ザンジバル、ストーンタウンの迷路から抜け出し、僕たちは旧港の浜辺に出た。


オマーン人に建てられたオールド・フォート​

 今は港は別の場所に移されているが、イギリス植民地時代の重要な港湾だった。海に向かって、大砲の列が残されている(写真)。

 

 

 旧港は公園として整備され、緑も深い。

​ その公園の向かい側に古い石造の要塞が建っている(写真)。オールド・フォート、またはアラブ砦と呼ばれる。1699年にオマーン人によって建てられた。今は、催事場や土産物店街となっている。​

 

 

 

 そこから海辺に出た。旧港である。今は、ダウ船の船着き場になっていて、公園で憩う人たちのスポットになっている。

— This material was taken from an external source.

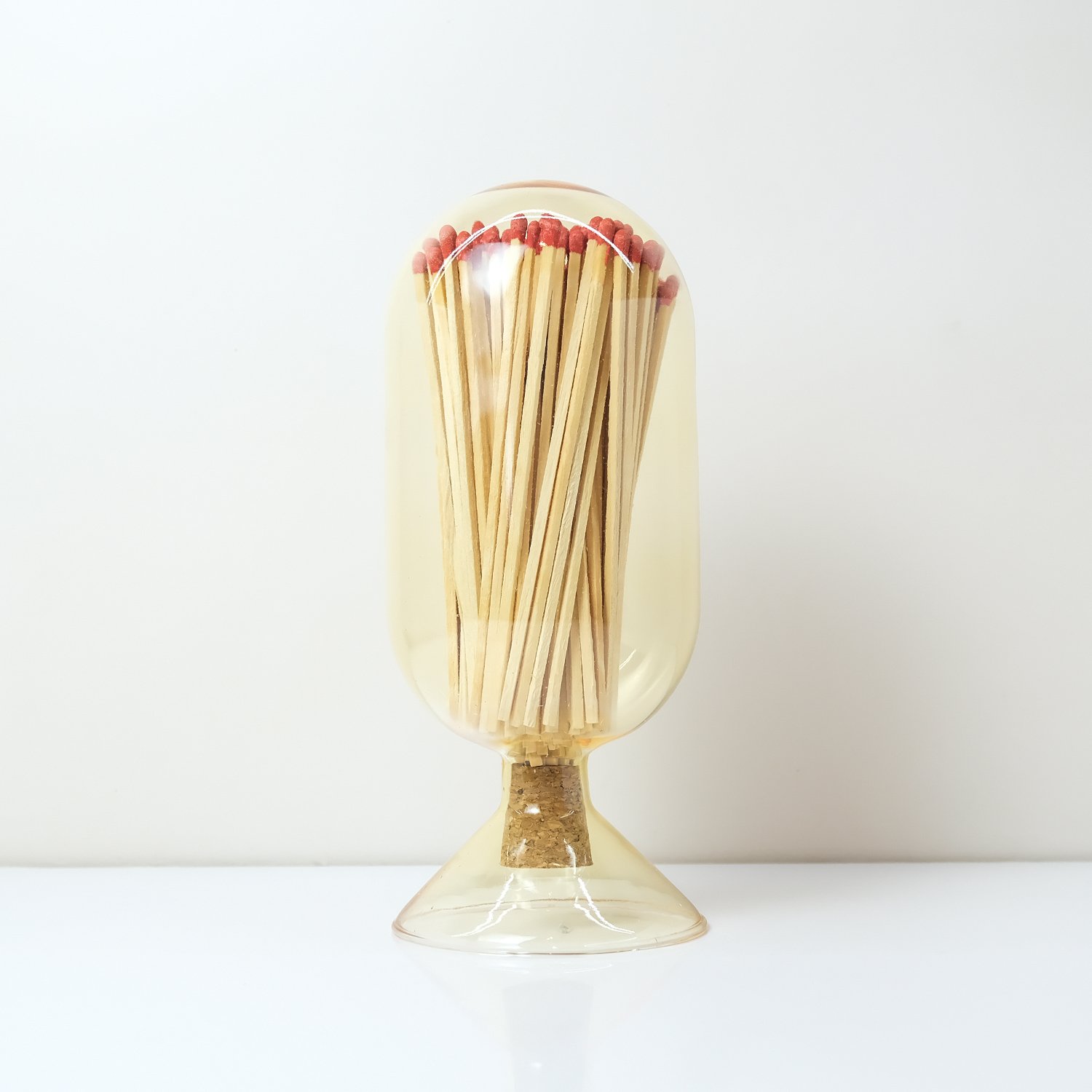 Wholesale Customized Match Decorative Custom Logo Wooden Stick Cloche Glass holder Bottle Of colored Matches strike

東アフリカで初めて電気・水道完備の「ハウス・オブ・ワンダー」​

​ この旧港の向かいに、トタン板で囲まれ、修復中の「ハウス・オブ・ワンダー(The House of Wonder:驚きの家)」がある(写真)。1883年、島を統治するスルタンによって建てられたが、東アフリカで初めて電気照明や水道、さらにはエレベーターまで完備された建物であったため、そう呼ばれたのだ。今は修復中のため、見学できない。​

 

 

 

​ その向こうに、海に面した白亜の建物がスルタンの暮らした旧王宮で、今は博物館になっているらしい(写真)。​

 


ストーンタウン内に「からゆきさん」の跡​

 ところで僕たちは行かなかったが、ストーンタウンには、かつて明治の頃、主に九州から出稼ぎに来た「からゆきさん」が住み、働いた「ジャパニーズバー」跡がある。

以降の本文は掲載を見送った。